(DATASET CONTENT Opens)

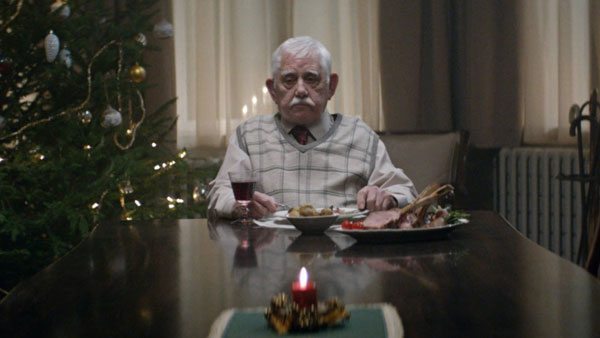 La publicité très émouvante sur la solitude des seniors à Noël La publicité très émouvante sur la solitude des seniors à Noël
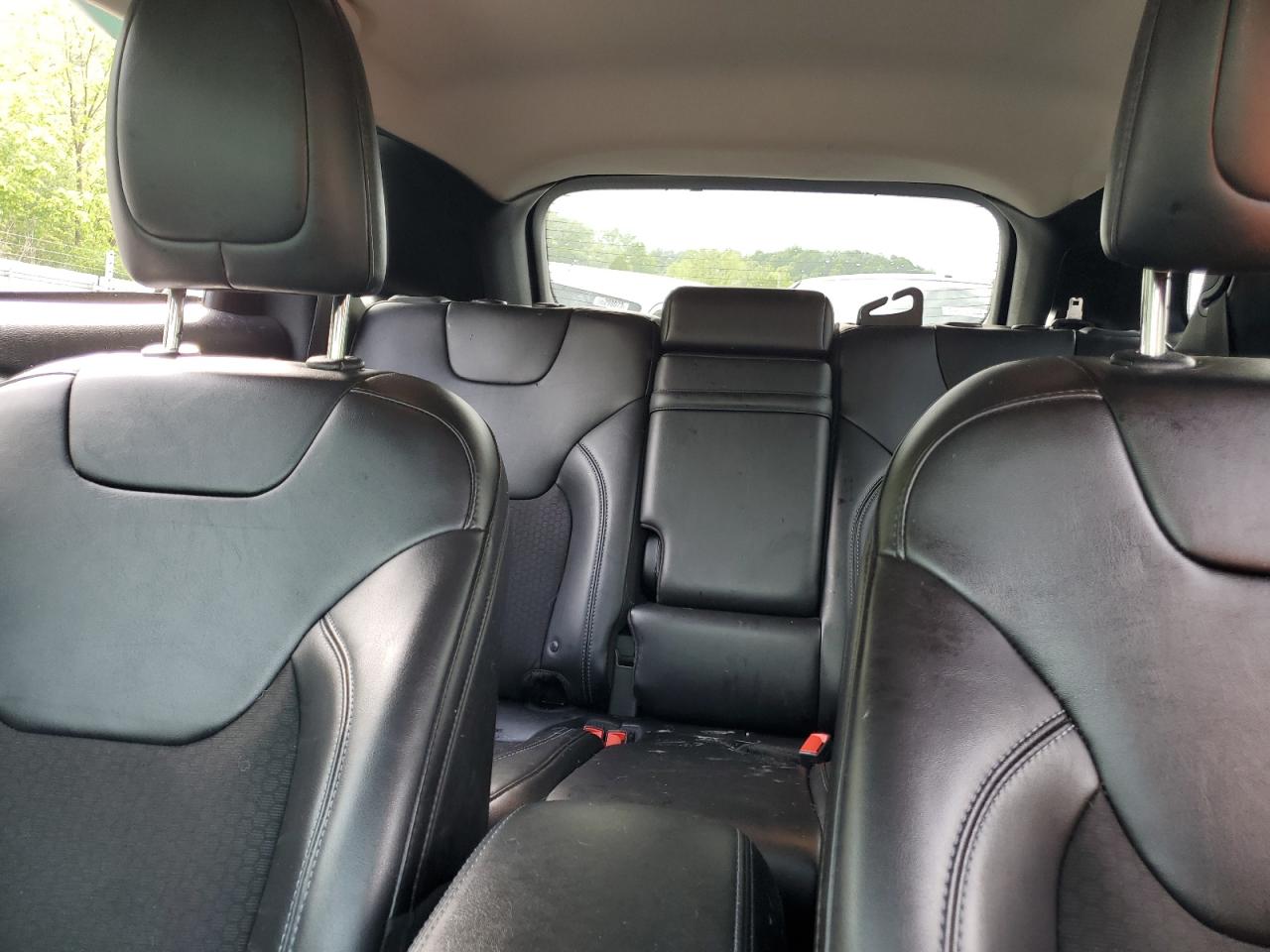 1C4PJMLX2KD287137 2019 Jeep Cherokee Latitude Plus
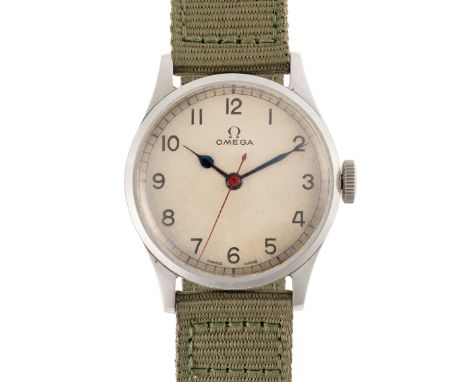 A GENTLEMAN'S STAINLESS STEEL OMEGA WRIST WATCH CIRCA 1939, REF. 4870 WITH MILITARY AIR MINISTRY TYPE DIAL & RED CENTRE SECON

(DATASET CONTENT Closes)

Retype only the lines above from the one with "1C4PJMLX2KD287137 2019 Jeep" through the last, both ends included, keeping every picture out of the copy.

 1C4PJMLX2KD287137 2019 Jeep Cherokee Latitude Plus
 A GENTLEMAN'S STAINLESS STEEL OMEGA WRIST WATCH CIRCA 1939, REF. 4870 WITH MILITARY AIR MINISTRY TYPE DIAL & RED CENTRE SECON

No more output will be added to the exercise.